Election 2020: Kildare North constituency profile
Local election results suggest Green candidate will make life difficult for FF
Social Democrats co-leader Catherine Murphy topped the poll here in 2016, and there is little to suggest she won’t repeat the trick this time out. File photograph: Cyril Byrne
Kildare North (four seats)
Current: 1 FG, 2 FF, 1 Soc Dem
Kildare is the heart of the commuter belt, and as such, infrastructure and quality of life issues will dominate locally alongside the big national questions. Heavy traffic, insufficient park and ride facilities and crowded trains will all feature, as will service provision by GPs, schools and creches.
Social Democrats co-leader Catherine Murphy topped the poll here in 2016, and there is little to suggest she won’t repeat the trick this time out. She pulls from all parts of the constituency, beyond her base in the towns closer to Dublin like Leixlip, Celbridge, Maynooth and Kilcock, and the absence of a running mate should further cement her position on top of the pile.
The constituency divides along geographic lines, with the more Dublin-focused towns balanced by the hinterland around Naas, including Kill and Sallins. Several candidates draw their vote from this area, including sitting TD and Fianna Fáil spokesman on science and technology James Lawless, Fine Gael Senator Tony Lawlor and Green Party councillor Vincent P Martin. Fine Gael’s Bernard Durkan is likely to hold his seat, but local election results suggest Martin will make life difficult for one of the Fianna Fáil candidates, either Lawless or the sitting TD Frank O’Rourke.
Topped the poll
Martin is a brother to Green Party deputy leader Catherine Martin, and topped the poll in Naas while two other Greens were elected in Maynooth and Celbridge. A senior counsel and bankruptcy expert, Martin represented some of the more controversial faces of the collapse, including Brian O’Donnell of Gorse Hill and Tom McFeely. He also co-founded debtor advocacy group New Beginnings, and through it representing lots of hard-pressed debtors too.
The politics of climate justice, as well as his hobbies (he is an avid beekeeper and oenophile) may resonate with the rapidly gentrifying burghs of what has been dubbed “K4”. He may be best-placed to overtake Lawless, who he shares a base with around Naas.
Key to Martin’s success or failure will be staying ahead of Labour stalwart Emmet Stagg, who can’t be discounted.

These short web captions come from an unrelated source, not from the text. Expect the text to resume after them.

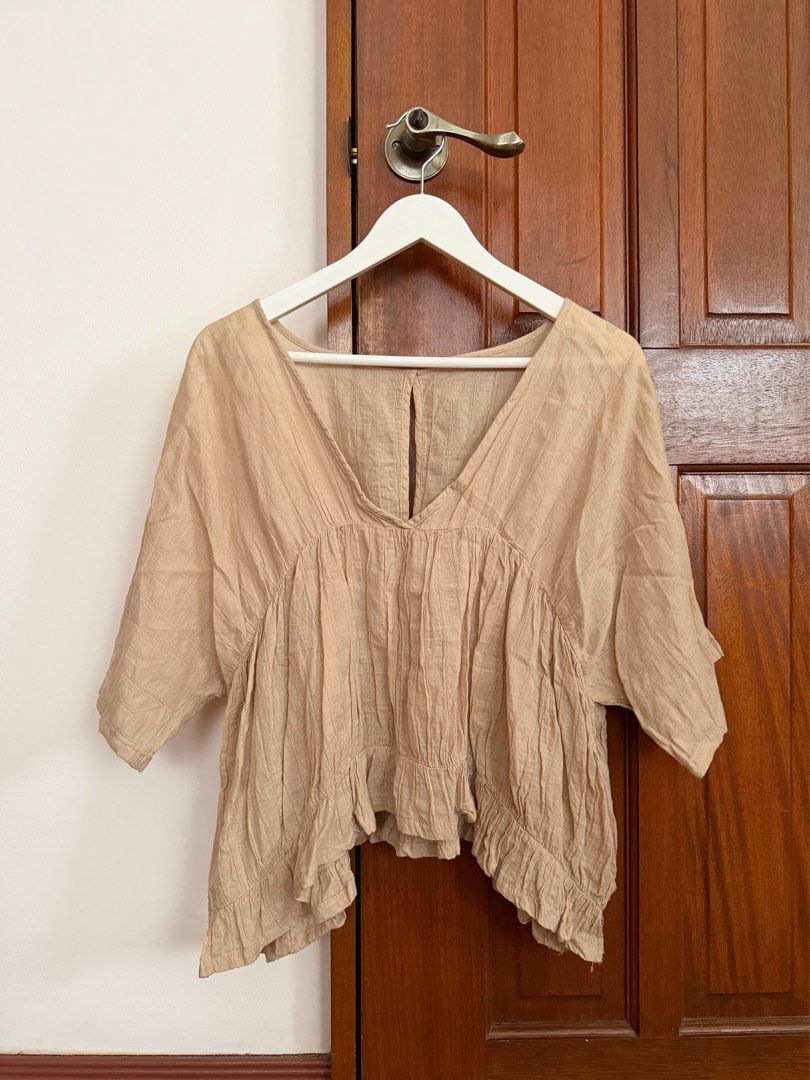 Cotton Gauze Bell Sleeve Top (Category: Blouses) located in Paranaque City. Submitted by consciouscleanout (Listing ID 1470222343, Image 1). Description: .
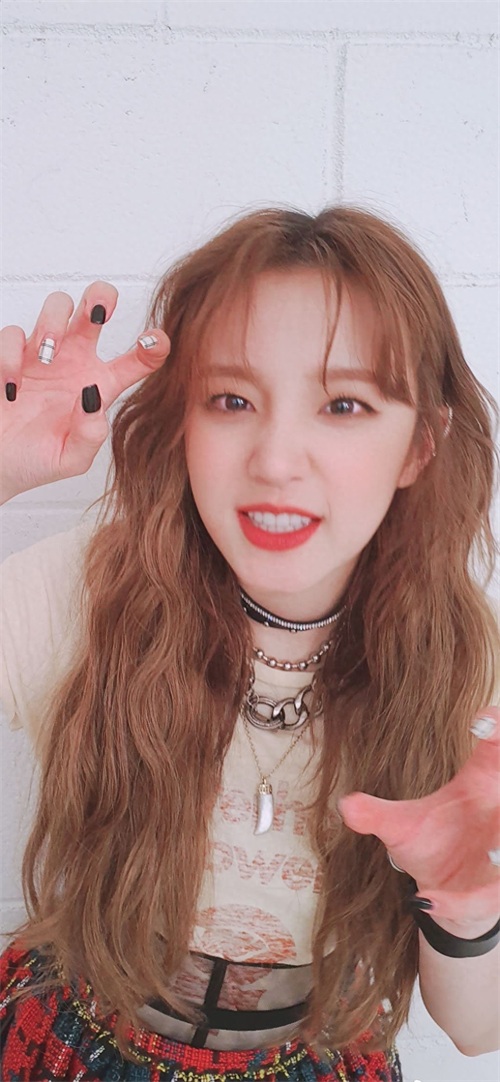 宋雨琦俏皮甜美手机壁纸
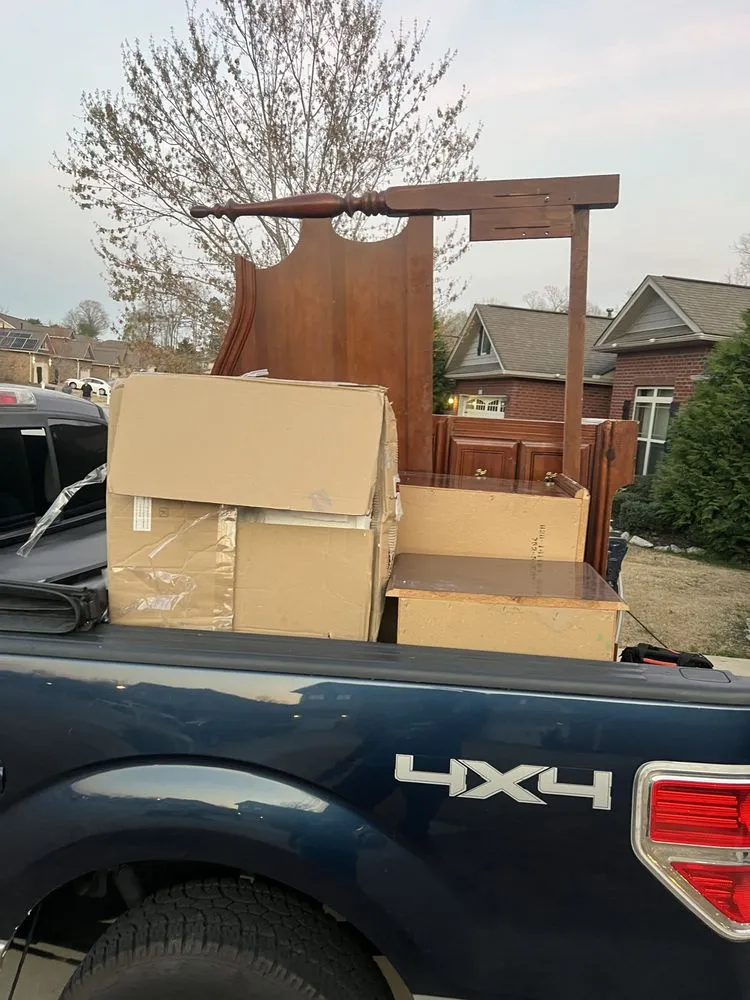 Affordable yard maintenance for homes across Greenville, SC - Double R Hauling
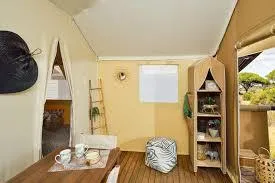 Location - Tente Jungle Lodge 2 Chambres (Sans Sanitaires). Arrivée 16H Départ 10H. Max - image n°2 - Camping Bois & Toilés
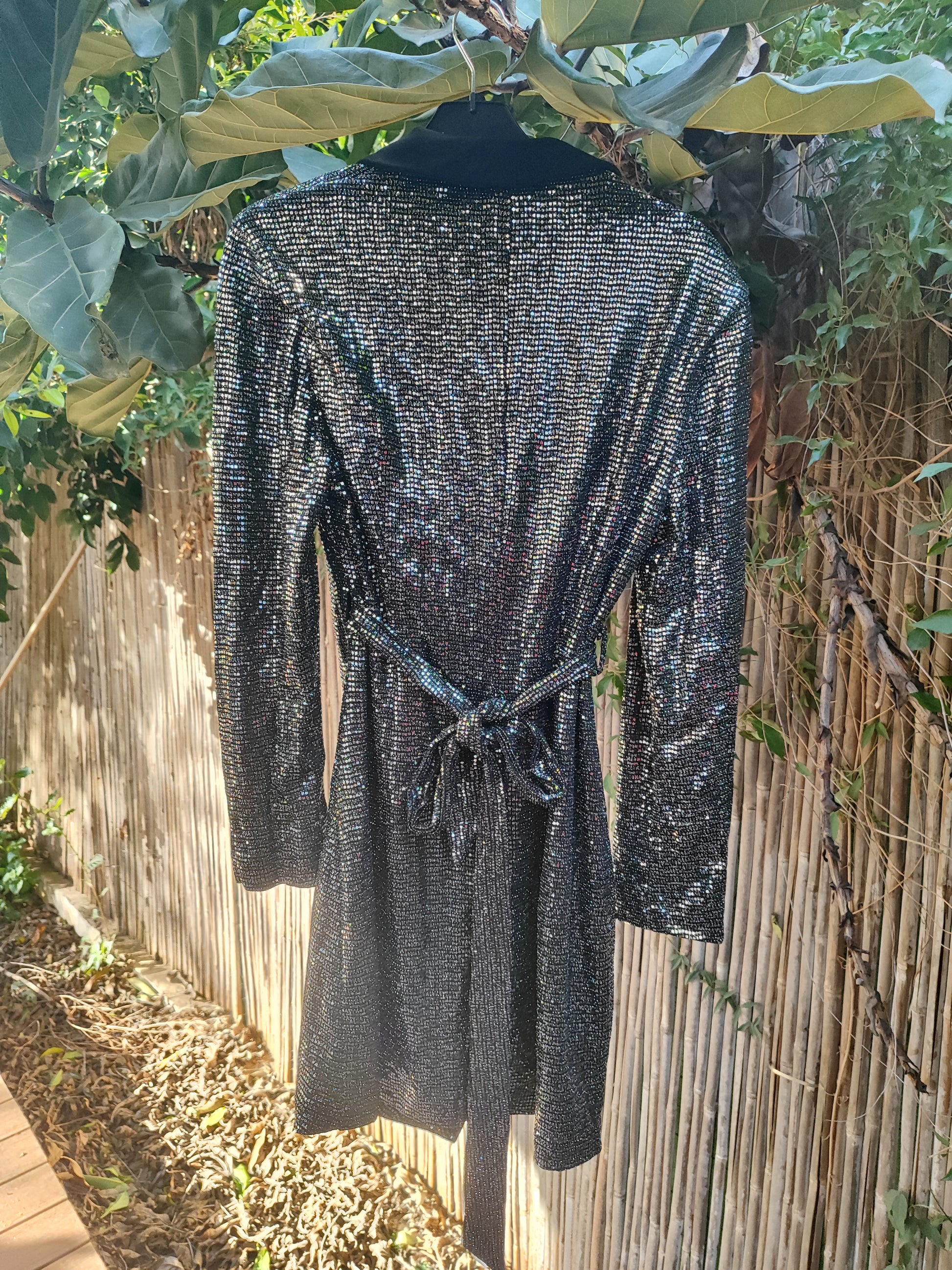 שמלת ערב מעטםת מנצנצת לתפארת  - Image 4 by Isabel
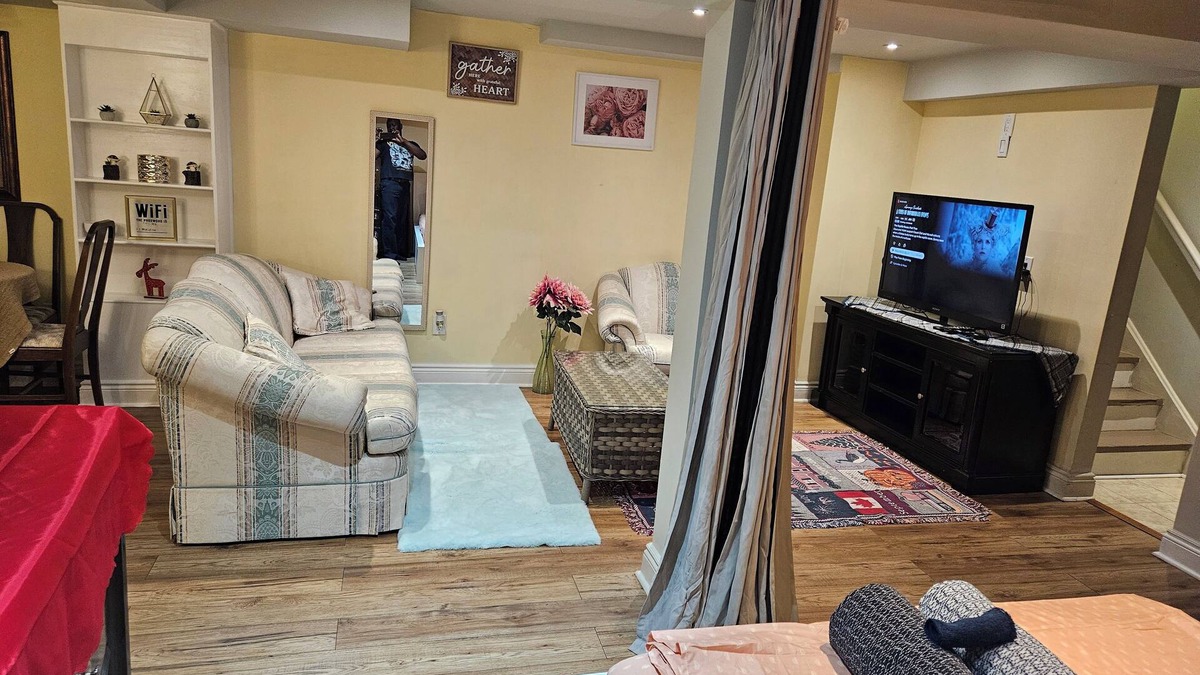 Courtice House | Gorgeous Walkout Basement Apartment Fully Furnished, Seperate Entrance.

A lot will have to go right for Fine Gael Senator Tony Lawlor (he pulls from the same area as Lawless and Martin) to trouble the race for the fourth seat.
Sinn Féin’s Réada Cronin lost her seat in last May’s local elections, and underperformed the party’s national figure in 2016. At the start of the campaign, it seemed she would struggle to make an impact in a field that contained two candidates from each of Fine Gael and Fianna Fáil, Murphy, Martin and Stagg.
It is now highly questionable whether there’s enough support for a second seat for either Fine Gael or Fianna Fáil. There is a risk candidate strategy could misfire for either, resulting in a wipeout. The Green campaign has also not taken flight as anticipated and notwithstanding Martin’s strong performance in the local elections last year, he is a relative newcomer in a constituency populated by veterans. All told, the strength of the Sinn Féin brand may propel Cronin into a seat that seemed a remote possibility just weeks ago.
Prediction: Soc Dem 1 (Murphy), FG 1 (Durkan), 2 from Martin (Green), Lawless (FF) and O’Rourke (FF)
Candidates: Réada Cronin (SF), Bernard Durkan (FG), James Lawless (FF), Anthony Lawlor (FG), Paul Mahon (S-PBP), Vincent P Martin (GP), David Monaghan (Ind), Catherine Murphy (Soc Dem), Séamus Ó Riain (Renua), Frank O’Rourke (FF), Emmet Stagg (Lab), Wayne Swords (Ind).